- Exercise: Output the exact lines that start at the one containing "Ortovox Fleece Plus" and continue to the last line of the entries below; do not output pictures.

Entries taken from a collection
=== Section Start ===

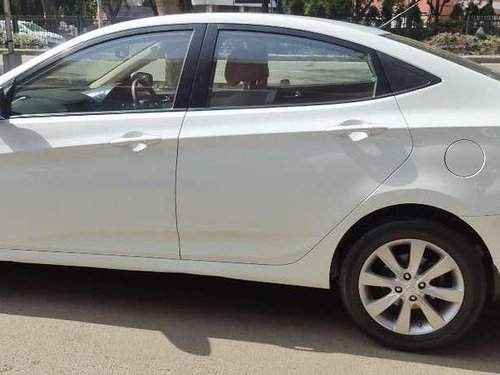 Used 2013 Hyundai Verna MT for sale in Chandigarh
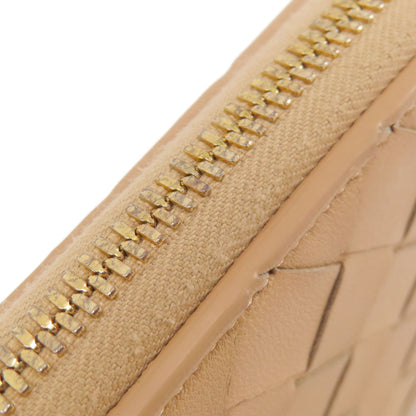BOTTEGA VENETA ボッテガヴェネタ イントレチャート 長財布（小銭入れあり） カーフ レディース 中古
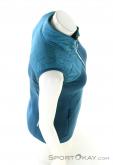 Ortovox Fleece Plus Women Ski Touring Vest, , Blue, , Female, 0016-11608, 5637998181, , N3-18.jpg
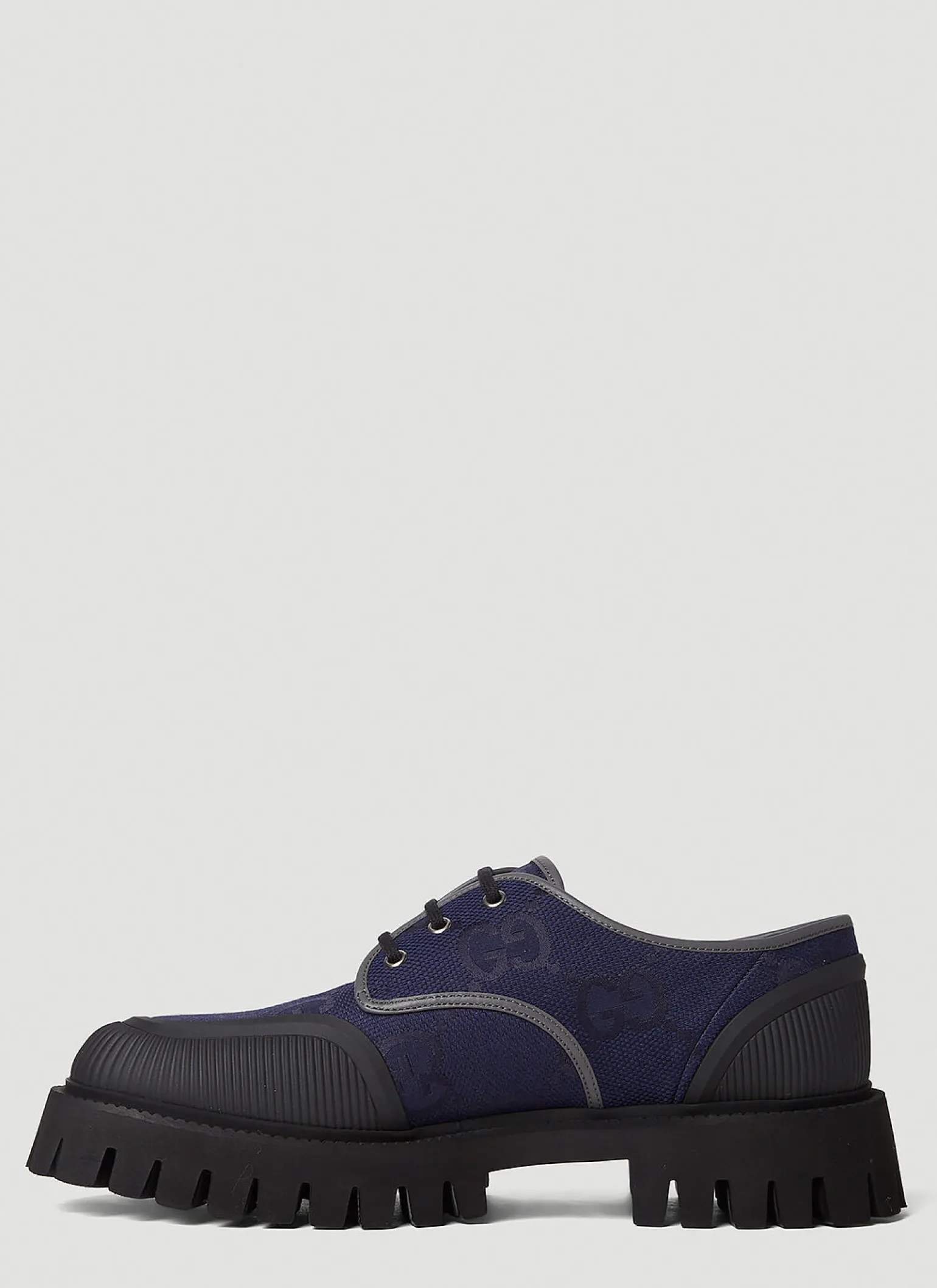 Gg Lace-Up Shoes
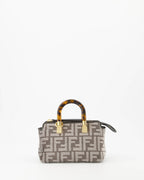 핸드백 및 숄더백 Sac By The Way Fendi 회색 Femme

=== Section End ===

- Result of the task:
 Ortovox Fleece Plus Women Ski Touring Vest, , Blue, , Female, 0016-11608, 5637998181, , N3-18.jpg
 Gg Lace-Up Shoes
 핸드백 및 숄더백 Sac By The Way Fendi 회색 Femme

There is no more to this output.